[v3] Fix SIGBUS semantics with large folios

[PATCHv3 1/2] mm/memory: Do not populate page table entries beyond i_size

Posted by Kiryl Shutsemau 3 months, 2 weeks ago

From: Kiryl Shutsemau <kas@kernel.org>

Accesses within VMA, but beyond i_size rounded up to PAGE_SIZE are
supposed to generate SIGBUS.

Recent changes attempted to fault in full folio where possible.
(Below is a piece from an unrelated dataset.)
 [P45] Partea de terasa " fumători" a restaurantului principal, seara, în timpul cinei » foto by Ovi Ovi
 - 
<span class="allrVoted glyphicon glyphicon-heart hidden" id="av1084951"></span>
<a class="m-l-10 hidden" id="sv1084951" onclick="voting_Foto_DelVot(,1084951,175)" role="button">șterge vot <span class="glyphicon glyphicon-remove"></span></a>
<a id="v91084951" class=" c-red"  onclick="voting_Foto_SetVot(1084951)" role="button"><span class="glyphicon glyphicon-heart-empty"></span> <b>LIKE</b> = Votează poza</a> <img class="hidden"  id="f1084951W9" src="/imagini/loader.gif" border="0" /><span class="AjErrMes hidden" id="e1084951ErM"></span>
They did
not respect i_size, which led to populating PTEs beyond i_size and
breaking SIGBUS semantics.

Darrick reported generic/749 breakage because of this.

However, the problem existed before the recent changes. With huge=always
tmpfs, any write to a file leads to PMD-size allocation. Following the
fault-in of the folio will install PMD mapping regardless of i_size.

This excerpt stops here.